Bu çalışmam da çok sevdiğim Özbekistan’ı size tanıtmak istedim. 2005-2008 yılları arasında Özbekistan’da yaşadım. 2013 yılı Kasım ayında tekrar gittim ve gezdim.
Kitabımda Özbekistan’da yaşadıklarımı, gözlemlerimi, Bursa ve Osmanlıyla bağlantılarını yazdım. Emir Sultan’ın, Ali Şir Nevai’nin, Emir Timur’un, ünlü astronom Uluğ Bey’in, Babur Şah’ın, İmam Buhari’nin dolaştığı yollardan geçtim. Buhara’nın, Semerkant’ın, Hokant’ın, Margilan’ın, Fergana’nın, Keles’in tarih kokan havasını soludum.

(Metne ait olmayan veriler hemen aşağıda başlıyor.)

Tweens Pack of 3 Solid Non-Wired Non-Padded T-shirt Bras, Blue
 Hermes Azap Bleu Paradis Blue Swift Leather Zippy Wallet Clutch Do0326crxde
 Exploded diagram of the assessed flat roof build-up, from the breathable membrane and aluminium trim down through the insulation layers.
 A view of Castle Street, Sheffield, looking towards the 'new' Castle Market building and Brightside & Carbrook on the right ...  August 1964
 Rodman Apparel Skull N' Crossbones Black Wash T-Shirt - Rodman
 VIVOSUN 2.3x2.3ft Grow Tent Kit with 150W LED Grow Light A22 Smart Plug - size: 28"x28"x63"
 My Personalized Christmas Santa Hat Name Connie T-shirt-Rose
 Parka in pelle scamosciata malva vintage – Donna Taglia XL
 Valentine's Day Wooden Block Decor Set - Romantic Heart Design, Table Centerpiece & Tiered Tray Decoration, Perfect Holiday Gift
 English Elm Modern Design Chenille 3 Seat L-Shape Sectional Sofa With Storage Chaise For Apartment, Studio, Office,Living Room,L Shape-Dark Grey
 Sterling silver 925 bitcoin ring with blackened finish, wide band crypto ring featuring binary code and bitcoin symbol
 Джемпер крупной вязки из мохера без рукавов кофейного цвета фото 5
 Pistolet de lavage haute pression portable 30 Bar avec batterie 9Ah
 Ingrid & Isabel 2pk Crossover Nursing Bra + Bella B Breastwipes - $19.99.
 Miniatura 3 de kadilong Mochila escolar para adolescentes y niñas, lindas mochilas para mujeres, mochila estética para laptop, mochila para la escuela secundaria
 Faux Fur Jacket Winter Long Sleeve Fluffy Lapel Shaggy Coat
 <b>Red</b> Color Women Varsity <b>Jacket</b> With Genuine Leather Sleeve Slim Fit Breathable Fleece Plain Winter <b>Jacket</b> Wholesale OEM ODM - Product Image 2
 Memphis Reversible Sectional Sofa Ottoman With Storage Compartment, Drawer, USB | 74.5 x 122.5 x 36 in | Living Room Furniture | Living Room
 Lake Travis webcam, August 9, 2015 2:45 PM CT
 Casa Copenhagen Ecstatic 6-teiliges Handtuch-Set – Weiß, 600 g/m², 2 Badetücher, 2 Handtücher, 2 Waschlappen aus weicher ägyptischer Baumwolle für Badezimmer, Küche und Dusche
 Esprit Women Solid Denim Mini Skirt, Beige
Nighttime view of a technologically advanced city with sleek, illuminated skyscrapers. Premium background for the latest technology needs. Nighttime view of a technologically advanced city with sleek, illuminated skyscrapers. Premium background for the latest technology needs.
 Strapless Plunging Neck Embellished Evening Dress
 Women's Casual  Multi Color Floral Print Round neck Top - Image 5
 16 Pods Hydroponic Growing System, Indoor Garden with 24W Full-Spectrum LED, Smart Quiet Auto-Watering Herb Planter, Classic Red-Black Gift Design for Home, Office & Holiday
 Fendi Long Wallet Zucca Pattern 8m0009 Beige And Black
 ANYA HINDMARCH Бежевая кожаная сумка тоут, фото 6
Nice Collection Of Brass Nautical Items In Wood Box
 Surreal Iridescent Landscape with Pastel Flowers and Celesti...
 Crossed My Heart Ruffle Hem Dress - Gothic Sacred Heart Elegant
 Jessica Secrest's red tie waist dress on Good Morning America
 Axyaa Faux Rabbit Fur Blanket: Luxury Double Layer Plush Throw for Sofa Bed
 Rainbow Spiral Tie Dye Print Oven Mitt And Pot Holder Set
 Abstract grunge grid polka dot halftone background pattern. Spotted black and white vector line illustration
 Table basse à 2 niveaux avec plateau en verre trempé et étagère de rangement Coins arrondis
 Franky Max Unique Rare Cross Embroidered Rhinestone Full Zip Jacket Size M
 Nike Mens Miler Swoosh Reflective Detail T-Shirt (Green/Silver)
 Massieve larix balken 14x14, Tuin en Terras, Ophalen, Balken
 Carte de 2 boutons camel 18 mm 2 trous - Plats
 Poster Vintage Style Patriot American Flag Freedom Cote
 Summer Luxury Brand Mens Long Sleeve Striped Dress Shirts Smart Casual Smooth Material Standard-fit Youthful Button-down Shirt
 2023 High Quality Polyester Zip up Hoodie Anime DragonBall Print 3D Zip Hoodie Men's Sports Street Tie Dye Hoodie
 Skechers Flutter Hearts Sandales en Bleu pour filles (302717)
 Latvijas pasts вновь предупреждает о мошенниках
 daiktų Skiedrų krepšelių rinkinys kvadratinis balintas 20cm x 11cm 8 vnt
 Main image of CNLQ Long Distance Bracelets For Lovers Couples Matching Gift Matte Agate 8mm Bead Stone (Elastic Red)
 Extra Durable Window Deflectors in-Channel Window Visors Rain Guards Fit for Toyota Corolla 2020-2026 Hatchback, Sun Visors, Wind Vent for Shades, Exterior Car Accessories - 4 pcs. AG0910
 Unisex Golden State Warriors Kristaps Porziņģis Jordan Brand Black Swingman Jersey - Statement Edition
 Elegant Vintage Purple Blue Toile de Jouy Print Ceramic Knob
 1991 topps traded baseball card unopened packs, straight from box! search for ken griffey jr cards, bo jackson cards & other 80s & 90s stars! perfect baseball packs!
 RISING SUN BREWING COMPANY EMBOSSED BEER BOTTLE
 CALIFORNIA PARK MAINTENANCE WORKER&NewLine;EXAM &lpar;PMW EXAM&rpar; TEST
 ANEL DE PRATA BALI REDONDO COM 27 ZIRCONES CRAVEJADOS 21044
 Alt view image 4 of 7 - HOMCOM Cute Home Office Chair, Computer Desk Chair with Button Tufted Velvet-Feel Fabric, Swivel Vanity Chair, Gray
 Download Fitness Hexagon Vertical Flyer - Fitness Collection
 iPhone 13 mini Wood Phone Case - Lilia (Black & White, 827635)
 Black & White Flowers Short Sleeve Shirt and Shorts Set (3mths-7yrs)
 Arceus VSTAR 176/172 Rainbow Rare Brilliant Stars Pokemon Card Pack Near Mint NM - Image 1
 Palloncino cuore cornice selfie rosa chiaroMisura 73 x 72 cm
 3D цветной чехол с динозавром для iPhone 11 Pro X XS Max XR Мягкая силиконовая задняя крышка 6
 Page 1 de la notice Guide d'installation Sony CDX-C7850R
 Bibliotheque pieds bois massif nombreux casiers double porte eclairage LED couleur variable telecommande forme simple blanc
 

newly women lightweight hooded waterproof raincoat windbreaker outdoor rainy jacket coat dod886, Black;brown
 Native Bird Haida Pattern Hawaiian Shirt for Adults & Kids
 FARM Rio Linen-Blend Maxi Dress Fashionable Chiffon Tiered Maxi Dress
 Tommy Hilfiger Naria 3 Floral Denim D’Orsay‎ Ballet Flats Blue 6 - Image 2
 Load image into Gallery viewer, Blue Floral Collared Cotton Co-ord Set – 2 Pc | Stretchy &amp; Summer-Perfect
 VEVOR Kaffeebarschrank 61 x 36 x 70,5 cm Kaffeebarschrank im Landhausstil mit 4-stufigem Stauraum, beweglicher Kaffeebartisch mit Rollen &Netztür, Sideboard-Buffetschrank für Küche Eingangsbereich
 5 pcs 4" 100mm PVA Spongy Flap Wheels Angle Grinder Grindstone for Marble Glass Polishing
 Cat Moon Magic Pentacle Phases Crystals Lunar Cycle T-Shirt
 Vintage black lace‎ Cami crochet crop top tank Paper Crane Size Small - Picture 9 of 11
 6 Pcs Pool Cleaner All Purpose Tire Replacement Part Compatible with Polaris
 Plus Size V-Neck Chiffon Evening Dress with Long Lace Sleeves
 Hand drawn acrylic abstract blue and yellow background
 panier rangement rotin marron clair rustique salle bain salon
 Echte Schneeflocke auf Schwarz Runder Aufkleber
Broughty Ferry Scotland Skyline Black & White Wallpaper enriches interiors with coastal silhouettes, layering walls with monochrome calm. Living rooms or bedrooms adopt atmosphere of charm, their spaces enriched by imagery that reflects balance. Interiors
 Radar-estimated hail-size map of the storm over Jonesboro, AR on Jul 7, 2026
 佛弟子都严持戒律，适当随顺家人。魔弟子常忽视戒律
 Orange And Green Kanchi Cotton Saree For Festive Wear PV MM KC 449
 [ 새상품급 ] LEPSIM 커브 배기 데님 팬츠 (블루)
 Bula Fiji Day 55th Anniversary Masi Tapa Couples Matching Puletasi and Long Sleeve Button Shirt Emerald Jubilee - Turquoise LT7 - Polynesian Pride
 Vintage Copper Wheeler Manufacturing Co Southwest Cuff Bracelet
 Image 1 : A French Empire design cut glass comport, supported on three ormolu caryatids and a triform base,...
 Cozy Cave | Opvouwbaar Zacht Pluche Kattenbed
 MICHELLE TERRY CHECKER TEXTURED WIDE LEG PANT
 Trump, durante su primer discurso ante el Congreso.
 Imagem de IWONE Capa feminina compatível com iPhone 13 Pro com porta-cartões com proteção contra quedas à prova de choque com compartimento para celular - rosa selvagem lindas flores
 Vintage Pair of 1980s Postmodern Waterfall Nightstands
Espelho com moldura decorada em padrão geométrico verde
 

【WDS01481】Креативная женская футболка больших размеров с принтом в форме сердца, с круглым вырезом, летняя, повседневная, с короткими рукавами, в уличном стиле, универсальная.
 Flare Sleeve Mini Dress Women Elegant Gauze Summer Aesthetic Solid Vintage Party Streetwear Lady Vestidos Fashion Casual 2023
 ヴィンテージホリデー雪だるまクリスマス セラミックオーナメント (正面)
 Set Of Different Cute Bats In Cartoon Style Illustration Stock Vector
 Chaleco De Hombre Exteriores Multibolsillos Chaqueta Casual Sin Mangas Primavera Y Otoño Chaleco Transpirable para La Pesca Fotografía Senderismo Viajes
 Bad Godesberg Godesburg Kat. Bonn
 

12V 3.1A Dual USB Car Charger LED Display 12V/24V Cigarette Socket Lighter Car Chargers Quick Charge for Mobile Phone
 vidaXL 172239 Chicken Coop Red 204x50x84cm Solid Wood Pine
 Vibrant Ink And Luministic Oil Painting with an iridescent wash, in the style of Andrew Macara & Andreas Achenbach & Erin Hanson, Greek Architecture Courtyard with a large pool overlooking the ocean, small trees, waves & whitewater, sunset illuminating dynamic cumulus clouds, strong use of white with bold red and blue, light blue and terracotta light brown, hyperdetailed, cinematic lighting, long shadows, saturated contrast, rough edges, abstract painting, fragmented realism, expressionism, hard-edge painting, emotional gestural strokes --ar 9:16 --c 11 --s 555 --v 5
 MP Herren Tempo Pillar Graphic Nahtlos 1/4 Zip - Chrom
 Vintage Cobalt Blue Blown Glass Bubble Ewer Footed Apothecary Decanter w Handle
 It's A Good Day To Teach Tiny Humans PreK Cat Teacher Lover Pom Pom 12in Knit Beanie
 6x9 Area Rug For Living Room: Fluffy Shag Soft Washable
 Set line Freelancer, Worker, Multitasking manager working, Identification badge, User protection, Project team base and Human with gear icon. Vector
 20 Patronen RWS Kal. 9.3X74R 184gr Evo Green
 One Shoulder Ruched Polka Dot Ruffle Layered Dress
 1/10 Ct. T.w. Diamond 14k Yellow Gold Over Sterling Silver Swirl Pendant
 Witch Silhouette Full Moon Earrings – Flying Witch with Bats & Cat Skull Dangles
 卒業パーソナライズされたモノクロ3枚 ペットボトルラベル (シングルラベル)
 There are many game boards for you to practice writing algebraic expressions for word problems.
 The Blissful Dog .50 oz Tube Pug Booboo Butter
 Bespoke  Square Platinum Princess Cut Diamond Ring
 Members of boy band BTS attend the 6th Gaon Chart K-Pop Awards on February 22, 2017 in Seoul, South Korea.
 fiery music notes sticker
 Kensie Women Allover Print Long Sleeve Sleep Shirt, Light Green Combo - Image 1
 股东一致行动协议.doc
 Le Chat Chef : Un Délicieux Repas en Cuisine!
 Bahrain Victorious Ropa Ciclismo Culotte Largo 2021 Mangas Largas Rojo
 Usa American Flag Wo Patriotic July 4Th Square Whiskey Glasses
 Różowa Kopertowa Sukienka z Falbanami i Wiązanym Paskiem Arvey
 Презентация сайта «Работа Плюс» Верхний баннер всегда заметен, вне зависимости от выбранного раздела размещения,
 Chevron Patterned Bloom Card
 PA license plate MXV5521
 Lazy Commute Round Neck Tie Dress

Semerkant’ta Uluğ Bey’in kurduğu medresede ders veren Kadızade-i Rumi’yi ve Timur’un gözdesi bu şehirde muhteşem yapılara imza atan Lami Çelebi’nin dedesi Ali bin İlyas’ın yaptığı yapıları aradım.
Eski Buhara’nın on iki kapısını gezdim. Birinden Enver Paşa, Hacı Sami Bey ve Türkistanlı yurtseverler son yolculuklarına çıkmışlardı. Türkiye tarafından restore edilen Nakşibendi degâhına gittim.
Hokant hanlarının sarayının önündeki parkta “dağlar kızı Reyhan”ı dinledim. Dünyanın en eski şehri, ipek kenti Margilan’ın sokaklarında dolaştım. Çongara’yı buldum. Onlar, Özbekistan’ın en iyi pirincini üretiyorlar.
Hiva’nın Unesco tarafından yaşayan kültürel miras olarak ilan edildiğini, dünyanın en eski yaşayan 7 kentinden birisi olduğunu biliyor musunuz?
Bursa ve Anadolu ile bağlarını mektuplar şeklinde yazıya döktüm. Çalışmamı seyyahların anılarıyla daha da zenginleştirdim.
Kitabımın, Özbekistan’a yatırım yapmak isteyen iş adamları, tarih meraklıları ve bölgeye gitmek isteyenler için faydalı olacağına inanıyorum. Kitabımın basımına destek veren dostlarıma teşekkür ederim.